• YOUR ASSIGNMENT: Your job is to give again, exactly and with no additions, the lines in the records below from the one with "Allis plume pushchair outlet reviews" through the one with "Buy Tattersall Distilling", both included. Omit the pictures.

Dataset records
:::

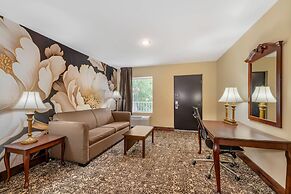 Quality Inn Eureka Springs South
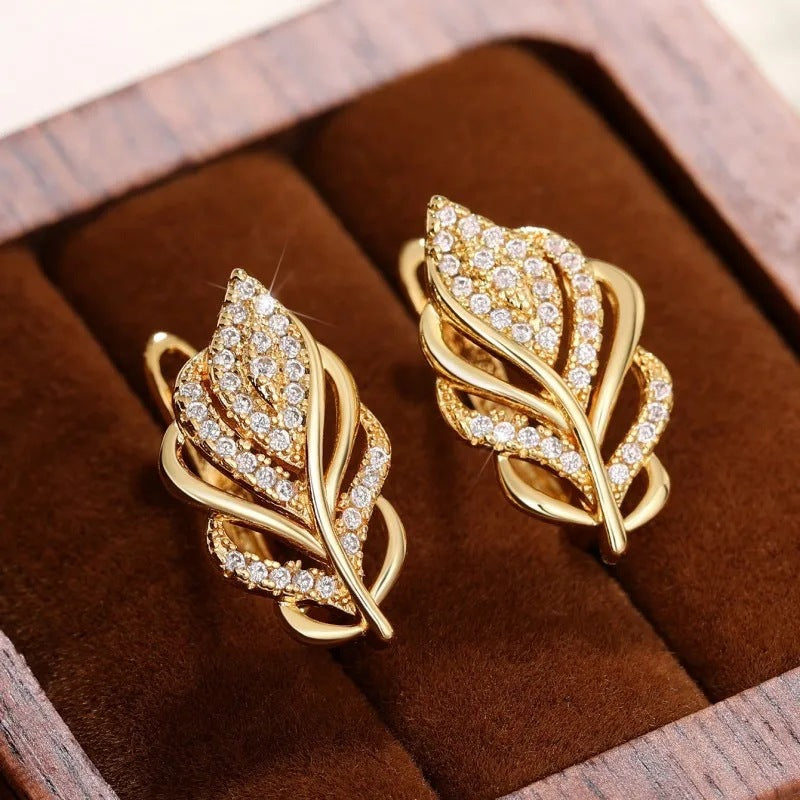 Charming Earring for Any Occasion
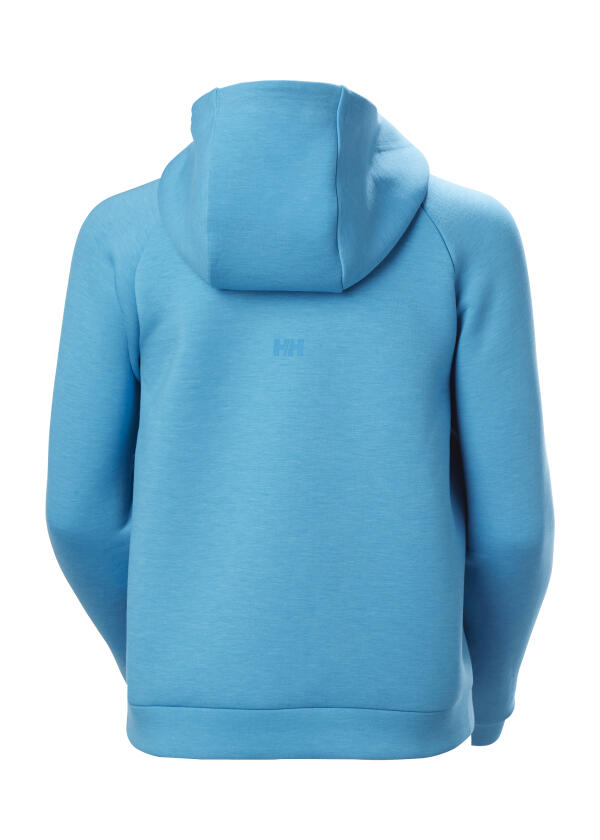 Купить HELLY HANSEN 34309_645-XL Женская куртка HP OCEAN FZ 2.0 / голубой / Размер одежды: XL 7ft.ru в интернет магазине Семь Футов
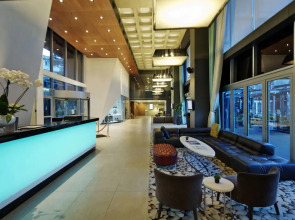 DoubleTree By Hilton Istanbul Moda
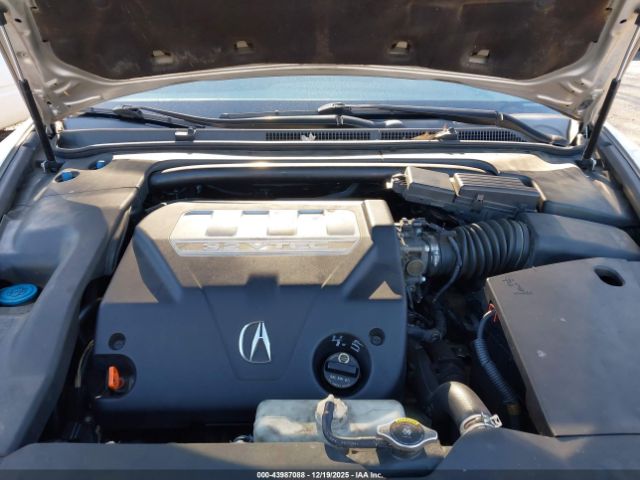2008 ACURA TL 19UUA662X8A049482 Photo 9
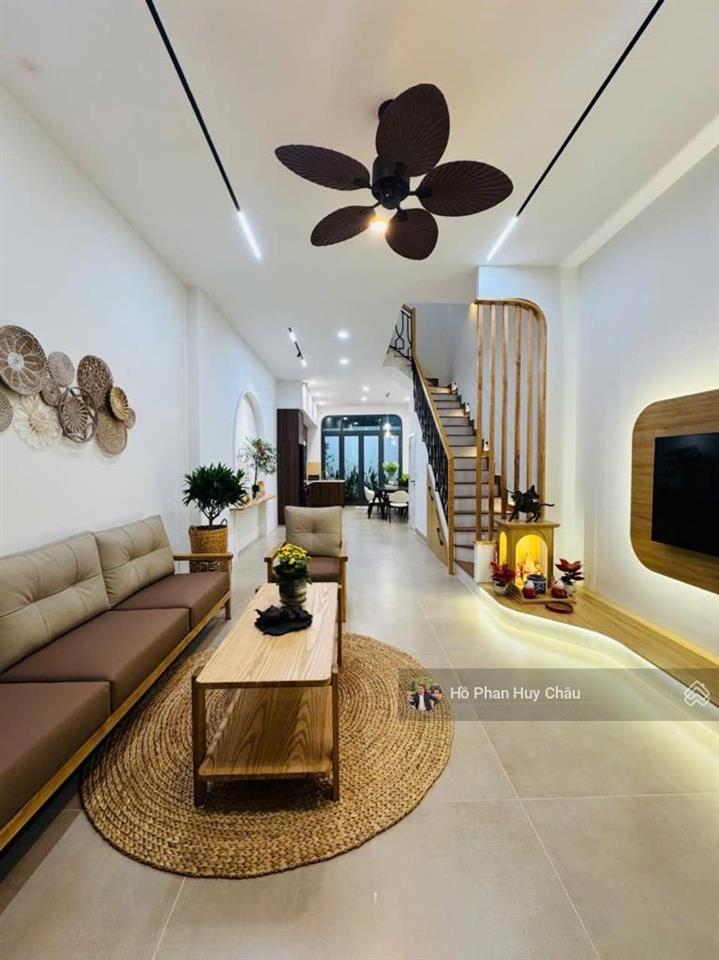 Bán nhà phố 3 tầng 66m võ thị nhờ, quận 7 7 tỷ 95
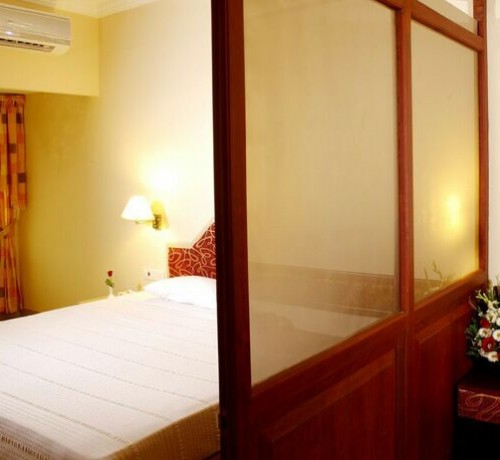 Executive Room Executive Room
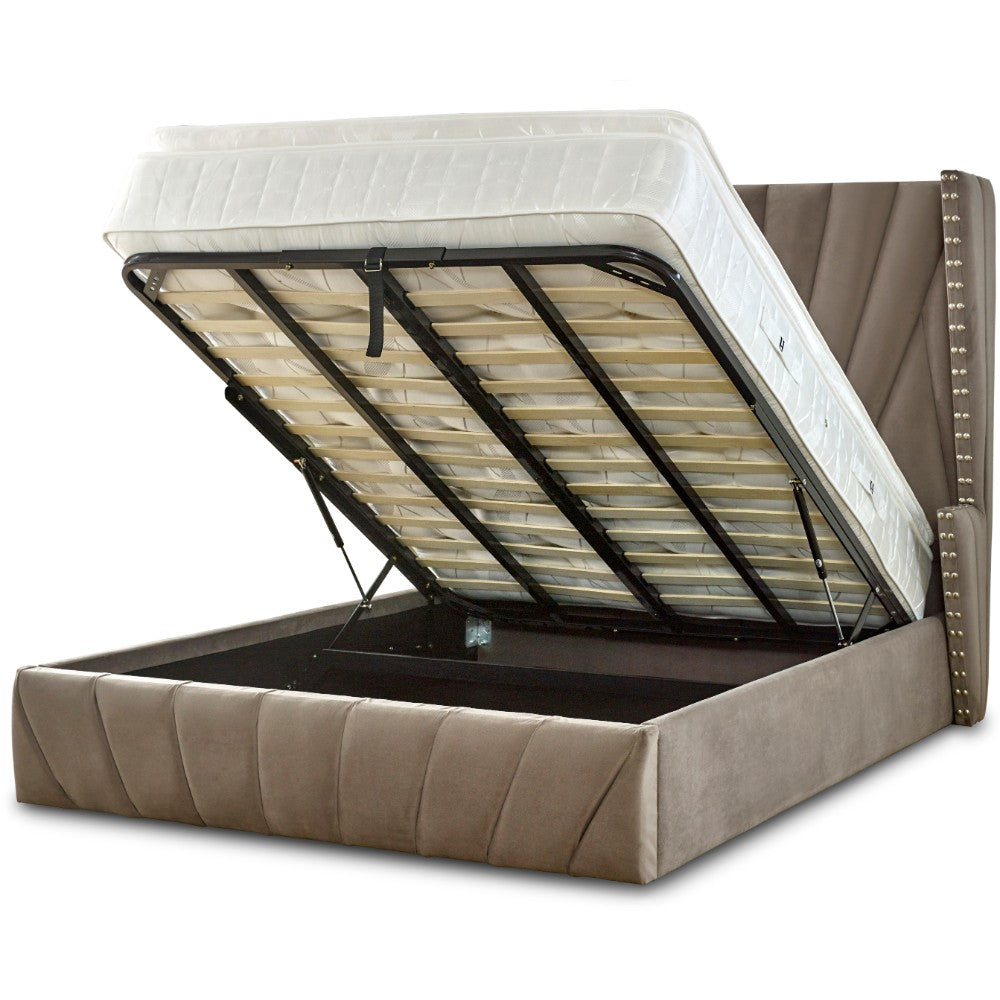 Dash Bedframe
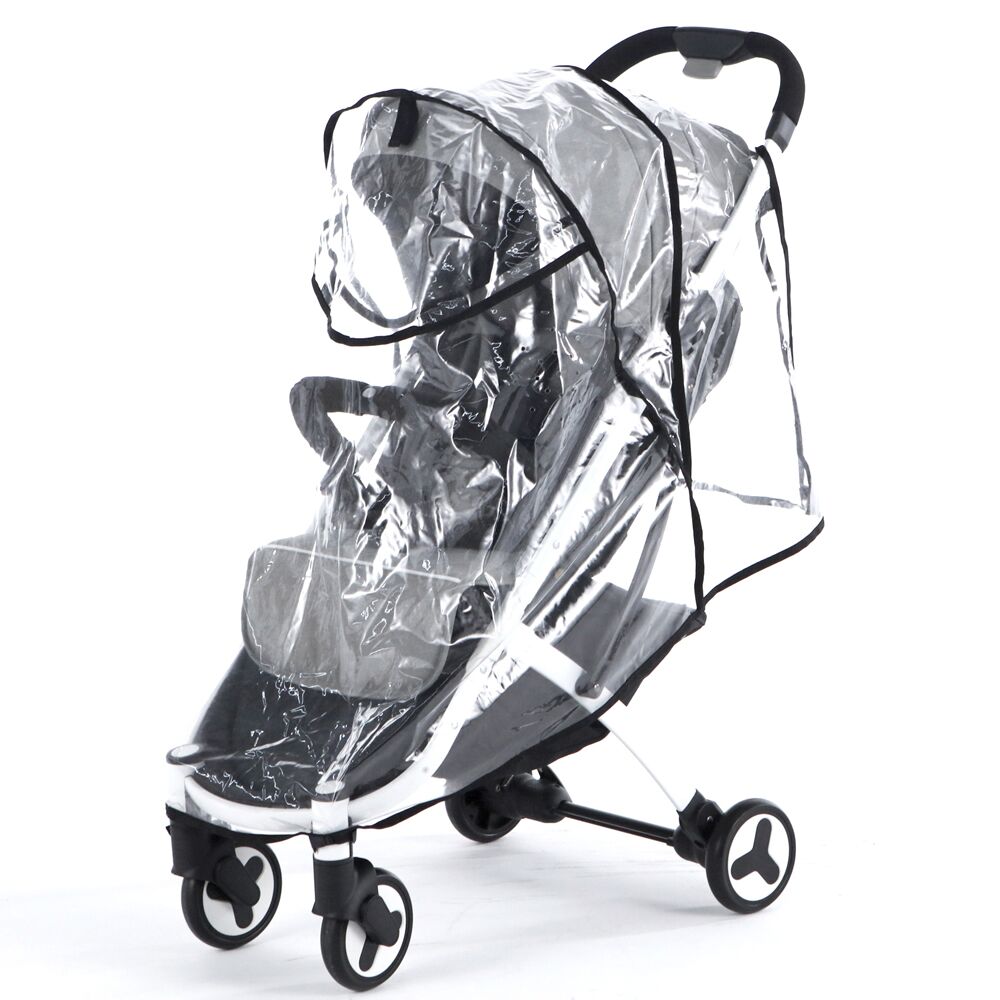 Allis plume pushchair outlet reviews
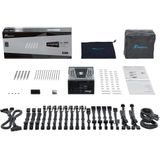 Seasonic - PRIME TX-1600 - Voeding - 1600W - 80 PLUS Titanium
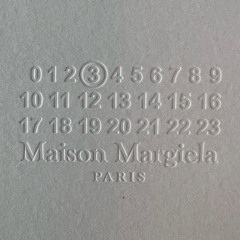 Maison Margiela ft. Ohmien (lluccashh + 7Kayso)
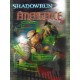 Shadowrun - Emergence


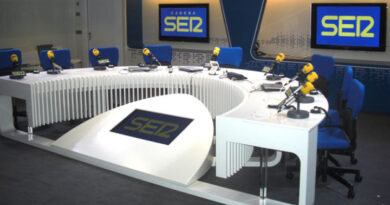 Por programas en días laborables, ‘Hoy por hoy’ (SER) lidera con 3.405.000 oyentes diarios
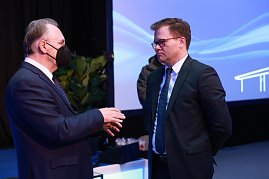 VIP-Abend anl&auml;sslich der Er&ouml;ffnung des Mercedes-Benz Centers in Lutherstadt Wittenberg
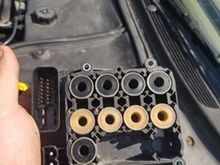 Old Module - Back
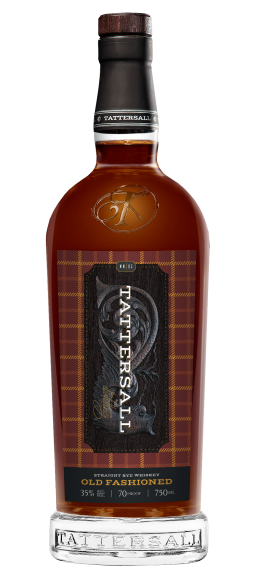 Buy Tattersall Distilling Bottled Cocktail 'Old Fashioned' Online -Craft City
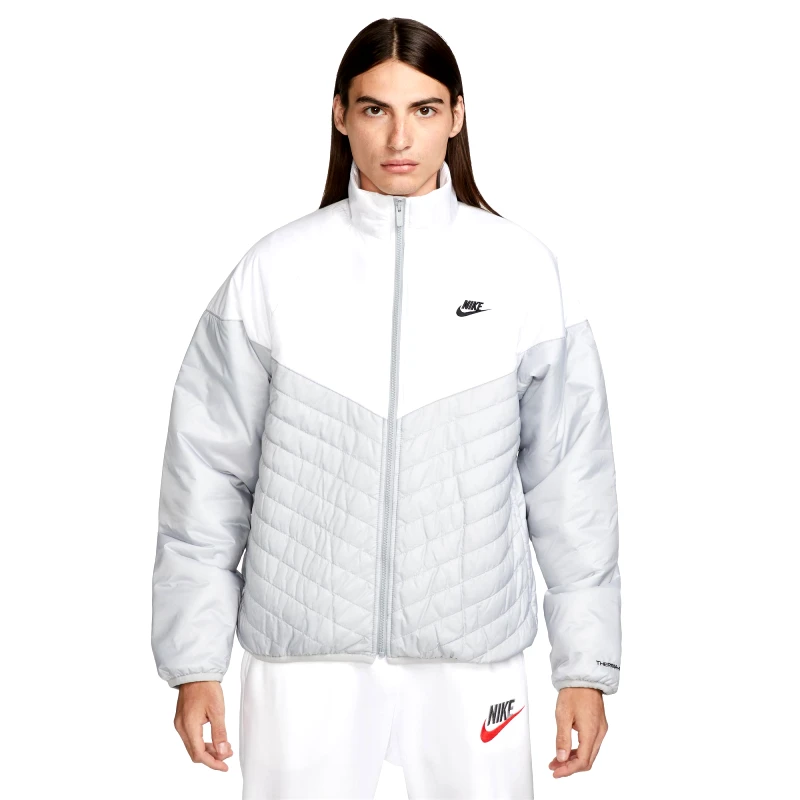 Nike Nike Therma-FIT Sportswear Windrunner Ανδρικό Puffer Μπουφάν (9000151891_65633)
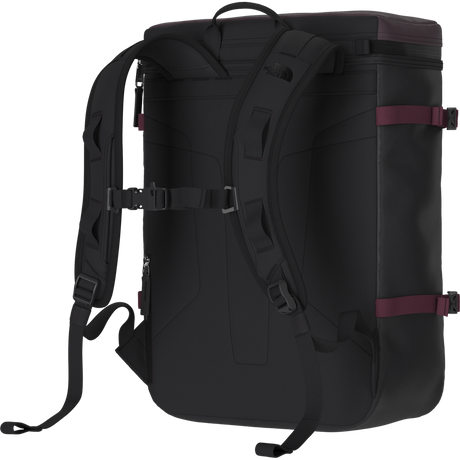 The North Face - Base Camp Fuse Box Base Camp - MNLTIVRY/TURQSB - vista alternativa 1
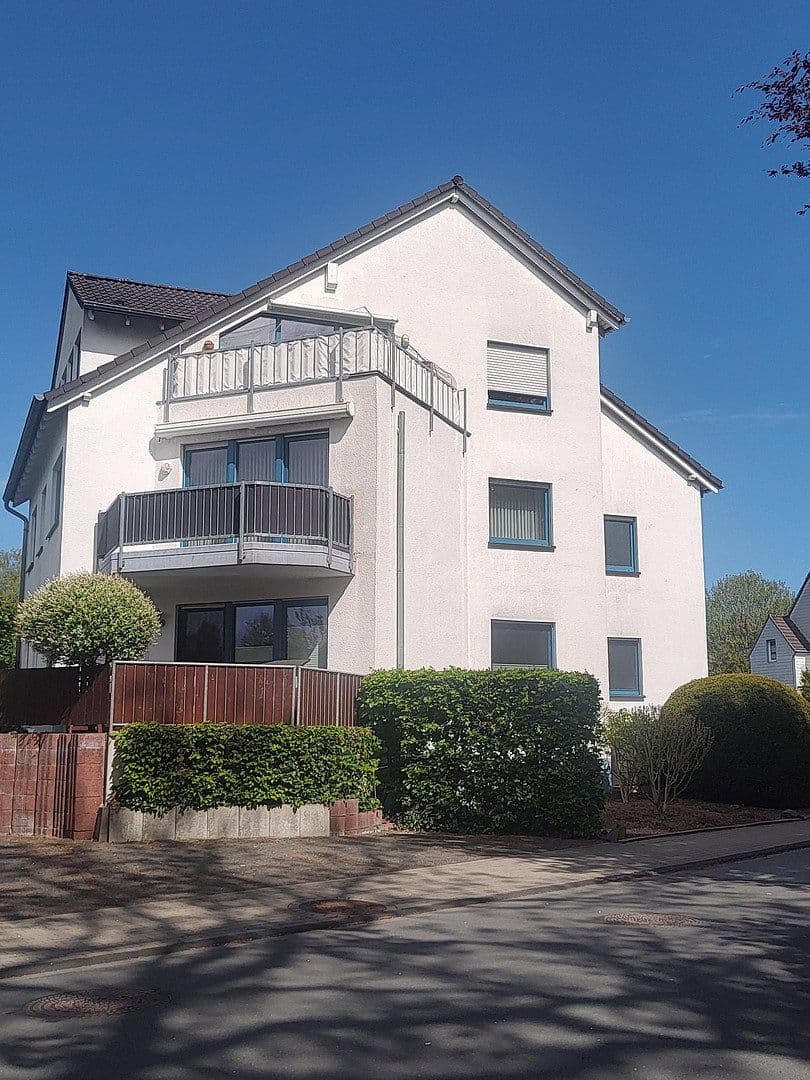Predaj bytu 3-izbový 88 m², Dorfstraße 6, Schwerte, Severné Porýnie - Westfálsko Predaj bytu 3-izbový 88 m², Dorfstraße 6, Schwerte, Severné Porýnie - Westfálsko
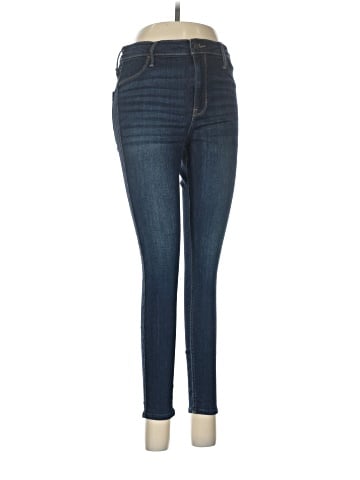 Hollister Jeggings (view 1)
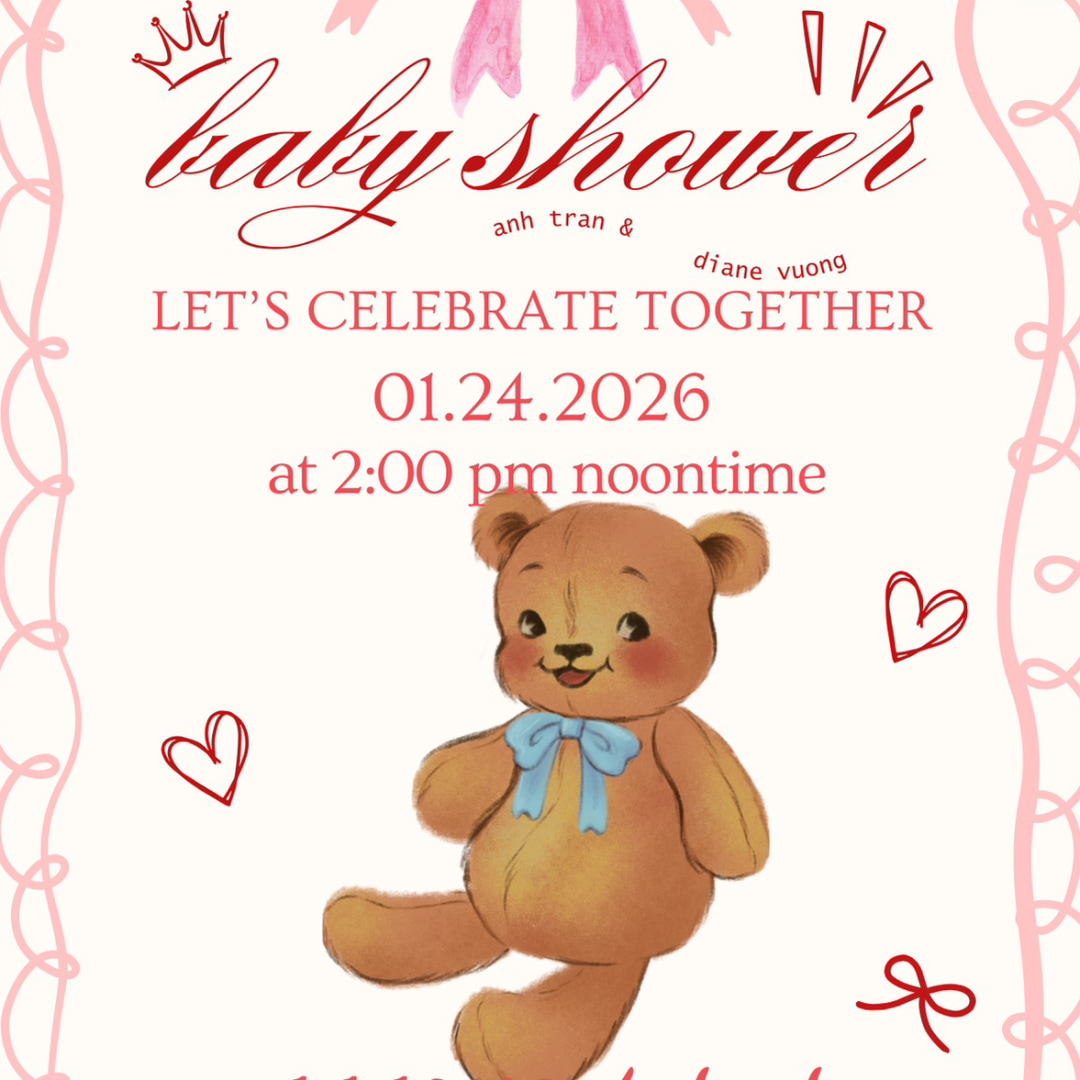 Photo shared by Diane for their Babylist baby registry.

:::

• RESULT OF THIS EXERCISE:
 Allis plume pushchair outlet reviews
 Seasonic - PRIME TX-1600 - Voeding - 1600W - 80 PLUS Titanium
 Maison Margiela ft. Ohmien (lluccashh + 7Kayso)
 Shadowrun - Emergence


 Por programas en días laborables, ‘Hoy por hoy’ (SER) lidera con 3.405.000 oyentes diarios
 VIP-Abend anl&auml;sslich der Er&ouml;ffnung des Mercedes-Benz Centers in Lutherstadt Wittenberg
 Old Module - Back
 Buy Tattersall Distilling Bottled Cocktail 'Old Fashioned' Online -Craft City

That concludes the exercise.